Fédéralisme ou poison de la balkanisation ? Kamitatu et Epenge s’affrontent sur l’avenir du Congo

Un débat de fond agite la scène politique congolaise. D’un côté, Olivier Kamitatu, directeur de cabinet de l’opposant Moïse Katumbi, propose une réforme audacieuse de l’État congolais en faveur du fédéralisme. De l’autre, Prince Epenge, porte-parole de LAMUKA, fustige une idée qu’il qualifie de « dangereux venin de balkanisation ». Entre volonté de moderniser la gouvernance et peur d’un éclatement du pays, les deux figures de l’opposition livrent des visions diamétralement opposées.

Kamitatu plaide pour un Congo fédéral

Dans une tribune publiée vendredi, Olivier Kamitatu plaide pour la création d’une République fédérale du Congo, structurée autour de cinq grandes régions autonomes : l’Orientale, l’Équateur, le Kongo, le Kasaï et le Katanga. Pour cet ancien président du Parlement de transition, la centralisation actuelle a démontré ses limites face aux défis du pays : mauvaise gestion des ressources naturelles, pauvreté persistante et conflits récurrents, notamment dans l’Est.

Il estime que ce découpage régional, inspiré des anciennes provinces historiques, permettrait une gouvernance plus proche des réalités locales, avec des gouvernements régionaux élus, capables de mettre en œuvre des politiques adaptées à leurs spécificités. Il propose un partage équitable des revenus issus des ressources naturelles (60 % pour les régions, 30 % pour l’État central et 10 % pour un fonds de solidarité).

Kamitatu insiste sur le fait que sa proposition ne remet pas en cause l’unité nationale, mais vise au contraire à la consolider par la valorisation des identités régionales, dans un cadre commun.

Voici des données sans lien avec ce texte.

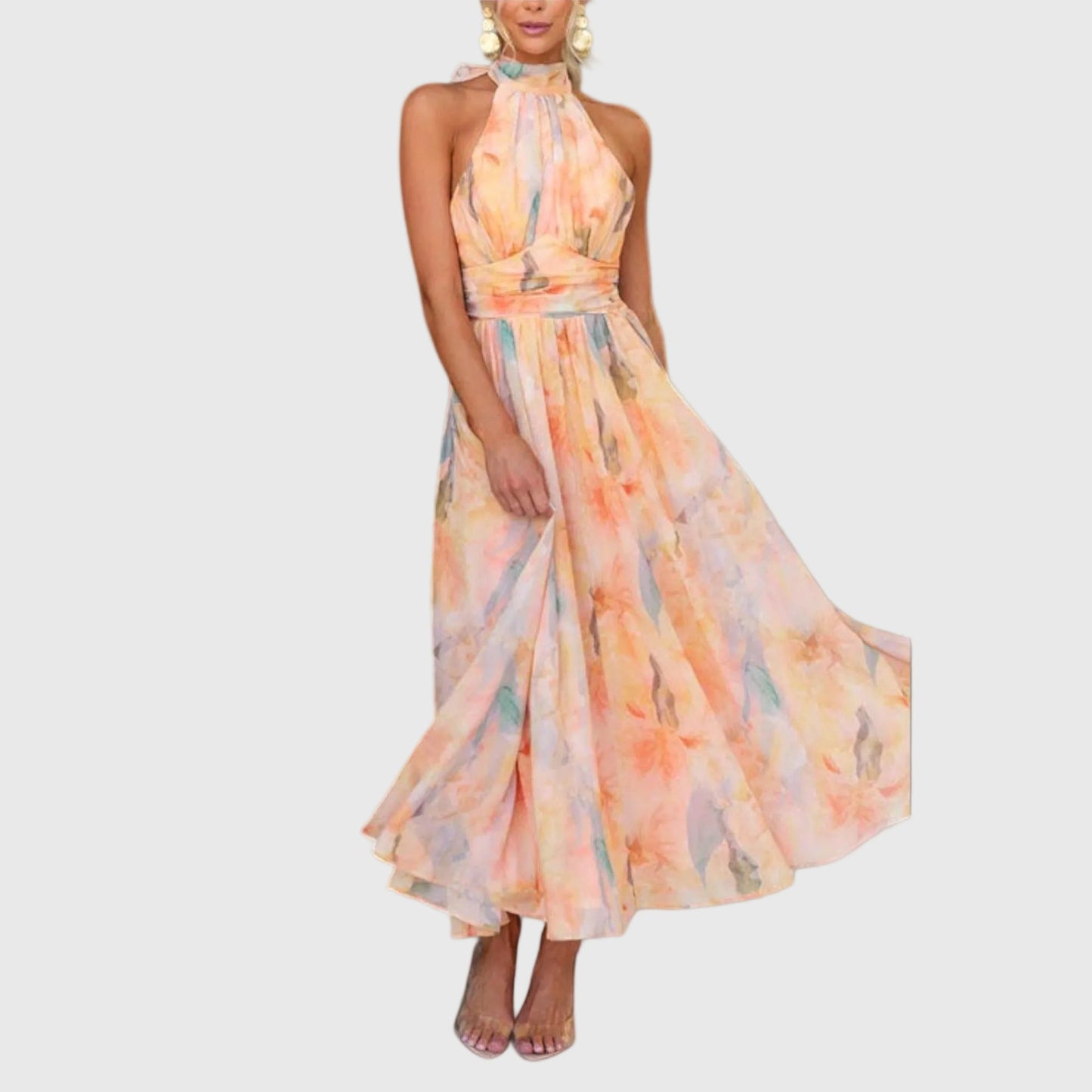 Élodie | Vestido Maxi Acuarela Elegante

Il appelle à un dialogue national pour redéfinir le pacte républicain et faire face, selon lui, à une crise profonde du modèle unitaire actuel.

Epenge dénonce un « poison enrobé de vaseline »

La réponse de Prince Epenge est cinglante. Pour lui, le fédéralisme n’est rien d’autre qu’un « qualificatif sexy du mot balkanisation », un projet qu’il juge aussi inutile que dangereux.

« Même avec de la vaseline, Monsieur Kamitatu, ça ne passera pas », écrit-il avec virulence. Le porte-parole de LAMUKA rappelle que la Constitution actuelle, fruit du consensus entre les fédéralistes et les unitaristes, a déjà prévu une décentralisation très poussée. Il estime que ce sont la médiocrité, l’irresponsabilité et l’incompétence des dirigeants — et non la forme de l’État — qui appauvrissent le Congo.

Epenge voit dans la proposition de Kamitatu une tentative de fragmentation identitaire, qui mènerait inévitablement à des guerres internes : « Aujourd’hui nous sommes Katangais, Kasaïens ou du Congo central ; demain, ce sera de quel territoire, secteur, village ? » Il accuse Kamitatu de vouloir créer des micro-États dirigés par des « roitelets milliardaires », au détriment de l’unité nationale, et assure qu’il combattra ce projet même avec des armes, si nécessaire.

Enfin, Epenge s’indigne qu’un homme ayant milité pour le respect de la Constitution puisse porter un tel projet. Il y voit une trahison du combat de Lumumba, Mobutu et des pères fondateurs, et accuse Kamitatu de « cracher sur leurs tombes ».

Deux visions irréconciliables ?

Ce choc de positions au sein même de l’opposition révèle une fracture profonde sur l’avenir institutionnel du Congo. D’un côté, une volonté de réforme structurelle pour répondre aux défis d’un pays vaste et complexe ; de l’autre, une crainte viscérale de perdre l’unité et la cohésion nationales chèrement acquises.

Le débat est désormais ouvert. Mais à l’heure où le pays traverse une crise sécuritaire aiguë, et où l’unité nationale est plus fragile que jamais, la proposition de Kamitatu pourrait bien devenir le nouveau champ de bataille politique en RDC.